Would you repeat exactly the part of the listing below that runs from the line containing "Thoát chết ngoạn" down to the line containing "Gothic Dark Rock", inclusive, and nothing else?

## Records provided
[Start of Attachment]
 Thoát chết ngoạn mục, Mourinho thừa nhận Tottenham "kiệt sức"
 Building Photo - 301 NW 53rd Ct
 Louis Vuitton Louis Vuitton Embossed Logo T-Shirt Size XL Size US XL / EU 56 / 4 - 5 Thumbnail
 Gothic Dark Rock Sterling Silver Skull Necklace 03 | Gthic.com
[End of Attachment]
[Start of Attachment]
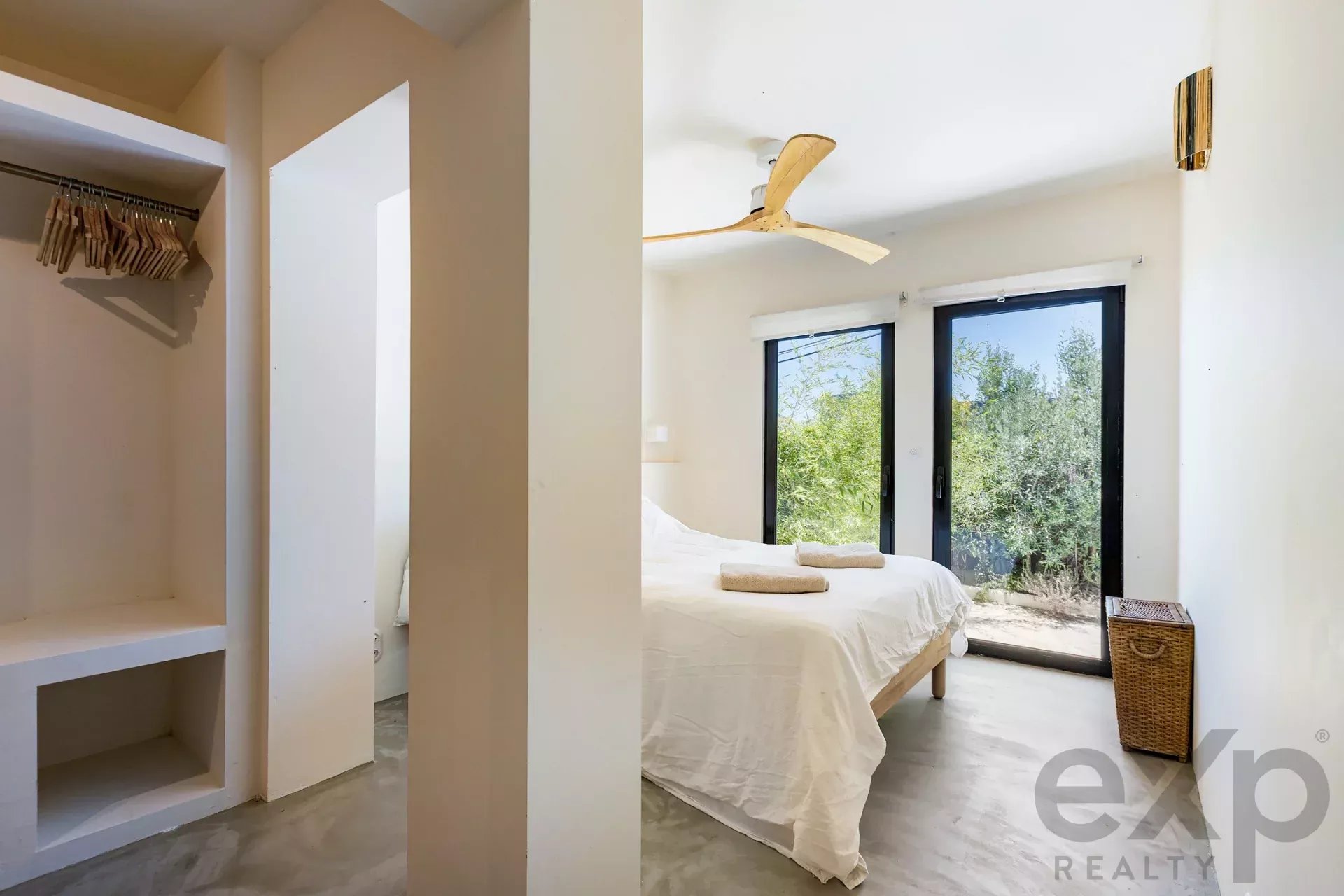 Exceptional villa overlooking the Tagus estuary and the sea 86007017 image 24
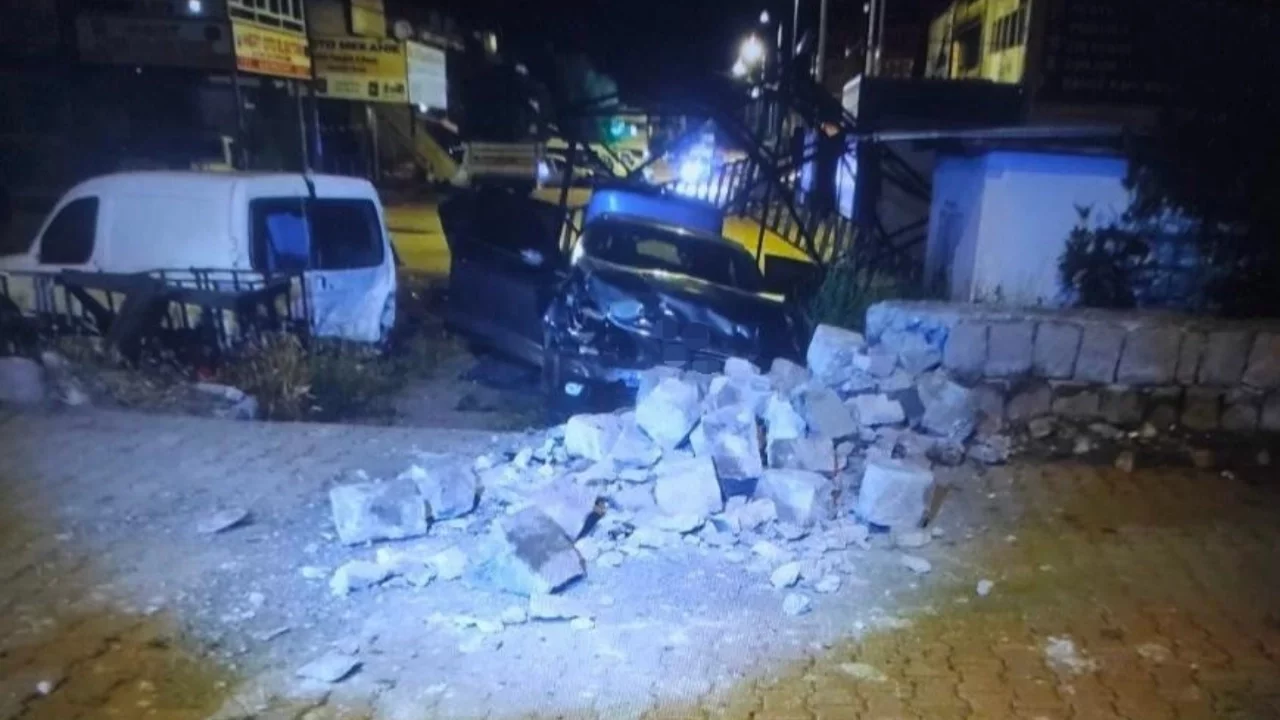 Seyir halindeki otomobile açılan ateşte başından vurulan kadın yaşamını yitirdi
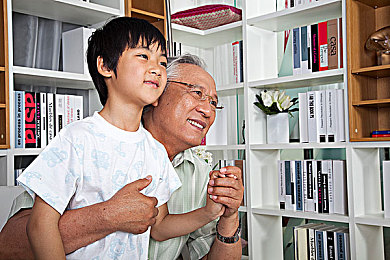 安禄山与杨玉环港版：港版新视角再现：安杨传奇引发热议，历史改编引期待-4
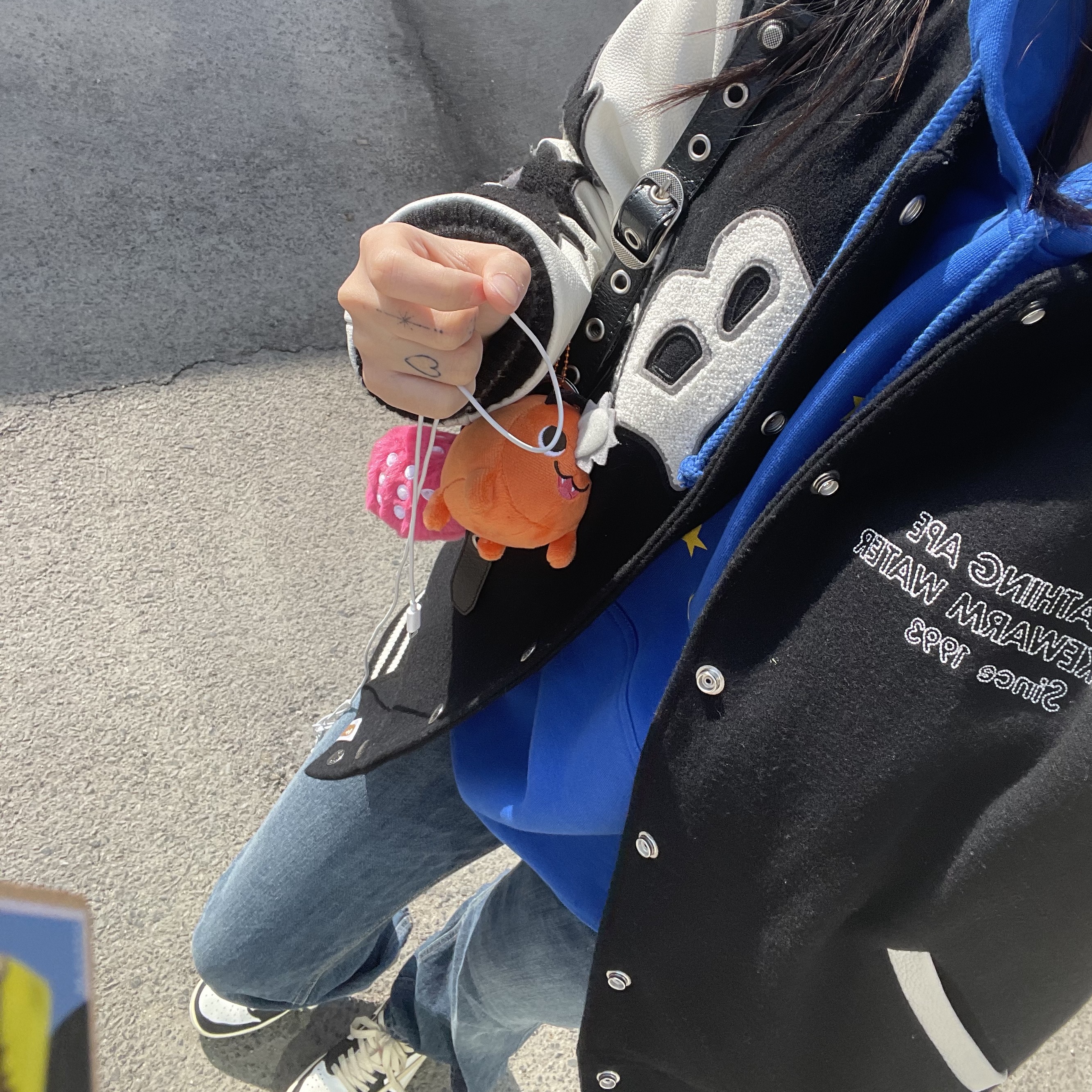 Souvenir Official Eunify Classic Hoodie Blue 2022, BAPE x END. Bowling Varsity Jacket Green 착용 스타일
[End of Attachment]
[Start of Attachment]
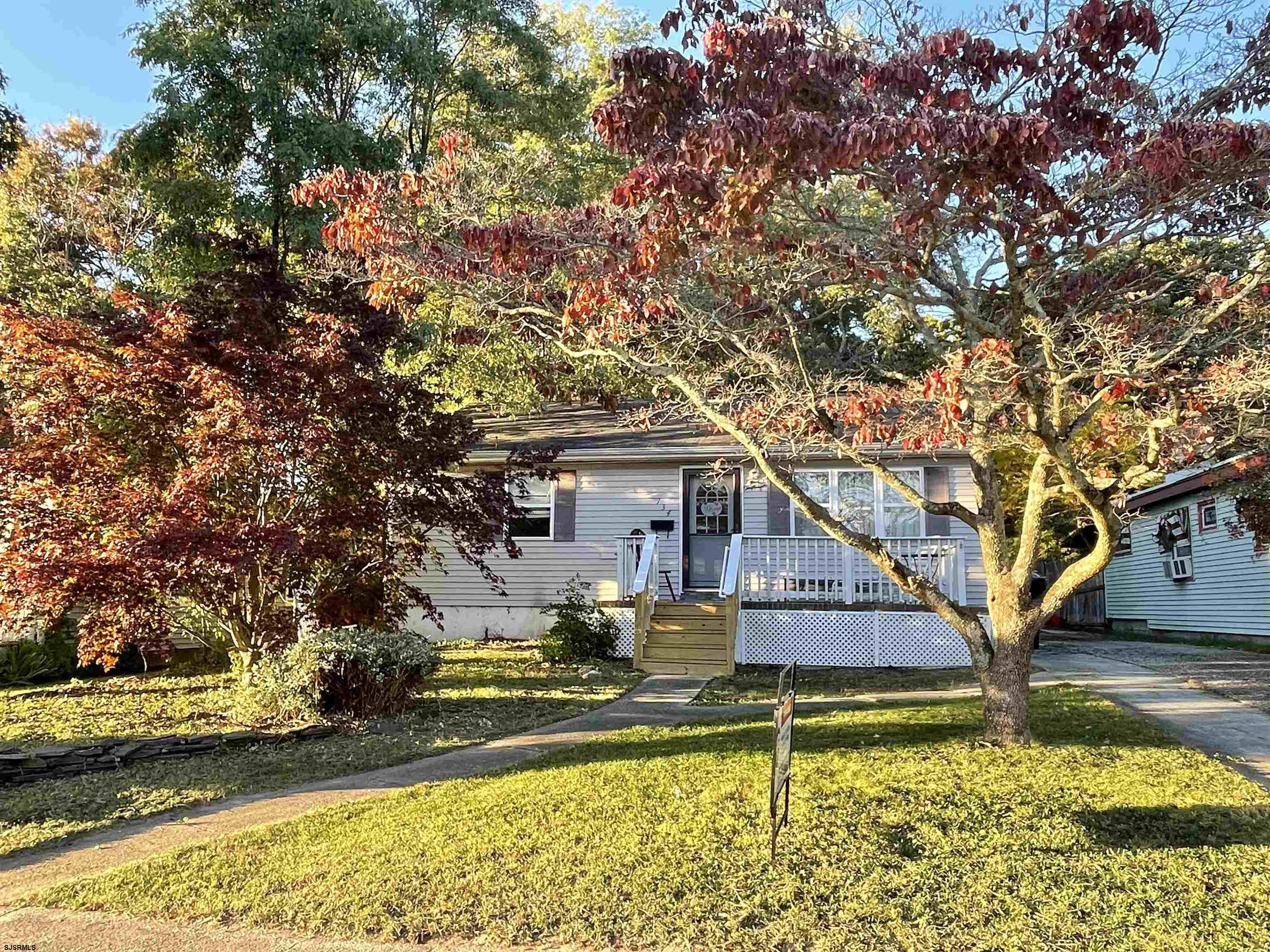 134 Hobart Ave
[End of Attachment]
## Problem solution
 Thoát chết ngoạn mục, Mourinho thừa nhận Tottenham "kiệt sức"
 Building Photo - 301 NW 53rd Ct
 Louis Vuitton Louis Vuitton Embossed Logo T-Shirt Size XL Size US XL / EU 56 / 4 - 5 Thumbnail
 Gothic Dark Rock Sterling Silver Skull Necklace 03 | Gthic.com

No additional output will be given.